Recently, a number of elementary and high school
students across the United States have been diagnosed with
Methicillin-resistant
Staphylococcus Aureus (MRSA), a type of bacteria resistant
to certain antibiotics. In the past, MRSA was more common in medical
environments and nursing homes, but over the past few years the
bacteria has started to appear in schools, gyms, and sports clubs.
MRSA can spread easily in these environments through physical contact
or sharing athletic clothing or equipment. The spread of MRSA into
the larger community is a public health threat that scientists have
been concerned about for years, because the bacteria is resistant
to most antibiotics and very difficult to treat..
What is Staphylococcus aureus (staph)?
Staphylococcus aureus, commonly referred to as “staph,”
are bacteria commonly found on the nose or skin. Approximately 20-30%
of people commonly carry
staph aureus but are not infected
(CDC, 2007).
Staph aureus bacteria are the most common
causes of skin infections such as pimples and boils in the United
States. They are usually harmless unless the organisms enter the
bloodstream through a cut or wound, and can then sometimes cause
an infection that can spread throughout the body. These serious
infections include pneumonia, septicemia (a bloodstream infection)
and surgical wound infections.
What is MRSA?
Methicillin-resistant Staphylococcus aureus (MRSA) is one
type of
staph aureus that has developed resistance to a
family of antibiotics similar to penicillin. It is commonly carried
on the nose and skin of healthy people, and is generally harmless
until it enters the body through a cut or wound, where it may cause
an infection. Although MRSA is resistant to many antibiotics, a
handful of drugs can still be used to treat the infection. According
to a recent report published in the
Journal of the American
Medical Association, about 94,000 people were infected with
MRSA in 2005, and approximately 19,000 people died during a hospital
stay related to the infection (Klevens et al., 2007). The U.S.
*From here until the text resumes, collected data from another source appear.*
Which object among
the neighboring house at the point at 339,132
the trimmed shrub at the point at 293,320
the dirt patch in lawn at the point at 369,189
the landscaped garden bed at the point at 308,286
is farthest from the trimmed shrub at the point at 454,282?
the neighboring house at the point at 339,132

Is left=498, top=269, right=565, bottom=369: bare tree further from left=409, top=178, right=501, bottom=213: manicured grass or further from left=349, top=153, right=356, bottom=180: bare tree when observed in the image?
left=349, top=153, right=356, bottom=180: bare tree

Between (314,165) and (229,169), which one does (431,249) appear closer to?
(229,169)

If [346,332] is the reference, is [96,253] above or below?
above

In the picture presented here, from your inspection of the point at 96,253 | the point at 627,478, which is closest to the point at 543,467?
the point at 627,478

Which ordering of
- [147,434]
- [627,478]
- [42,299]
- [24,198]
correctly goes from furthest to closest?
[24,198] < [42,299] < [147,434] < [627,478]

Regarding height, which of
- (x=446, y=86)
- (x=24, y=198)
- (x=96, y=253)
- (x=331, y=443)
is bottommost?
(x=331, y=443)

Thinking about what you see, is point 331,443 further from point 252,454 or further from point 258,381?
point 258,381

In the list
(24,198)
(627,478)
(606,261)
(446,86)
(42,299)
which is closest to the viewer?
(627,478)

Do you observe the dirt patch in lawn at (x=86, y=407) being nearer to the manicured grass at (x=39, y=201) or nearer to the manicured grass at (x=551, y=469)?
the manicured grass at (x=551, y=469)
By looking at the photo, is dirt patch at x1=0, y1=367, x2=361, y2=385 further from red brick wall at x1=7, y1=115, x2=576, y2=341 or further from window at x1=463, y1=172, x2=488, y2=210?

Center for Disease Control and Prevention estimates that 1% of the
population carries MRSA (CDC, 2007).
What Causes Antibiotic Resistance?
Since the discovery of penicillin in 1928, antibiotics and antimicrobial drugs have been widely used in the United States. Over time, some bacteria have developed ways to survive these drugs. Unfortunately, the widespread use of antibiotics has contributed to the development of antibiotic-resistant bacteria.
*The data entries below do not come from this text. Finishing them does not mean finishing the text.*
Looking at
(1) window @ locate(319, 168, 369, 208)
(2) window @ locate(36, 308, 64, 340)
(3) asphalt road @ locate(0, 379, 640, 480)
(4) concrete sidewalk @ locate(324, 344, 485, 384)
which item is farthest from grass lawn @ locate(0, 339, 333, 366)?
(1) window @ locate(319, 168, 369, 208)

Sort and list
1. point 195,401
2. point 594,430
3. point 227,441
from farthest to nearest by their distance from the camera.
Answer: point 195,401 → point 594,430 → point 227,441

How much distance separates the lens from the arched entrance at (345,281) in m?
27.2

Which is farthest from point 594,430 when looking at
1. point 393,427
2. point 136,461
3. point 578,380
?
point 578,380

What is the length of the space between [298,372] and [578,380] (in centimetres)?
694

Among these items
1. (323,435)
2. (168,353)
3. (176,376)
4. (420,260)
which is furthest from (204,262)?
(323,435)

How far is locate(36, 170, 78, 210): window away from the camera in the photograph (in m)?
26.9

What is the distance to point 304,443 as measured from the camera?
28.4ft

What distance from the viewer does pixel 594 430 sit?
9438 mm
When a person takes an antibiotic, the drug kills many bacteria, but a few will survive. These surviving bacteria are resistant to that antibiotic. They then multiply. This means that every time a patient takes an antibiotic, he or she is creating more drug-resistant bacteria.
Although bacterial antibiotic resistance is an evolutionary process, societal factors also contribute to the problem. The inappropriate use of antibiotics (such as treatment for viral infections like colds) contributes to the growing number of antibiotic-resistant bacteria today. For years, antibiotics have been prescribed for colds, earaches, flu, and other infections that normally clear up on their own. Inappropriate use of medications, such as not taking doses as prescribed, can also contribute to the emergence of antibiotic-resistant bacteria.
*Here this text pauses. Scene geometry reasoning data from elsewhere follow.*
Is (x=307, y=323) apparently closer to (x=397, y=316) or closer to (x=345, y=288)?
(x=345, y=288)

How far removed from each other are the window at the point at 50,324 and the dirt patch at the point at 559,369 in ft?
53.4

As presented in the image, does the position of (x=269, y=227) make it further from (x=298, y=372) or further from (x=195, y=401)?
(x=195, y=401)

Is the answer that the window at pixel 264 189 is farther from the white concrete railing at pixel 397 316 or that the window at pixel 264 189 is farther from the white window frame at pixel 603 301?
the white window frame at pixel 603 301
In recent years antibacterial household products have become popular, contributing to the increasing number of antibiotic-resistant bacteria. Antibacterial agents are commonly found in cleaners, soaps, detergents, hand lotions, tooth brushes, and sometimes even plastic containers and mattresses. Although people buy these products with the intent of protecting their family from harmful germs, the widespread use of antibacterial products helps to produce resistant bacteria.
Another cause for concern is the use of antibiotics in livestock (Mayo Clinic, 2007). Cows, chickens, and pigs are often fed low levels of antibiotics over long periods of time, and this is believed to promote the survival of antibacterial-resistant bacteria in livestock. There is some concern that these resistant bacteria can be transferred to humans through direct contact with animals or the consumption of their meat.
What Causes Infection?
Most methicillin-resistant
staph aureus occurs as a result
of exposure during medical care, usually after surgery or some procedure
involving the insertion of foreign material into the body. The
staph aureus or MRSA bacteria can enter the body through
a cut, wound, or abrasion. An infection may result.
Staph
organisms are carried from person to person through human hands,
especially in a healthcare environment.
What are the Symptoms?
Staph aureus infections, including MRSA, normally start
as small bumps that resemble pimples or boils, and can be red, swollen,
painful, or have pus or other drainage. Sometimes the infection
is limited to the skin, but the bacteria can also burrow down into
the body, and cause infections in the bones, joints, surgical wounds,
the bloodstream, lungs, and heart valves. Symptoms for more serious
infections would include fever, difficulty breathing, sweating,
pallor, and rapid heart rate. If the valves of the heart are infected,
symptoms may include chest pain or irregular heart beats. In some
cases, excessive bleeding may occur.
Are Some People More Likely to Get an Infection?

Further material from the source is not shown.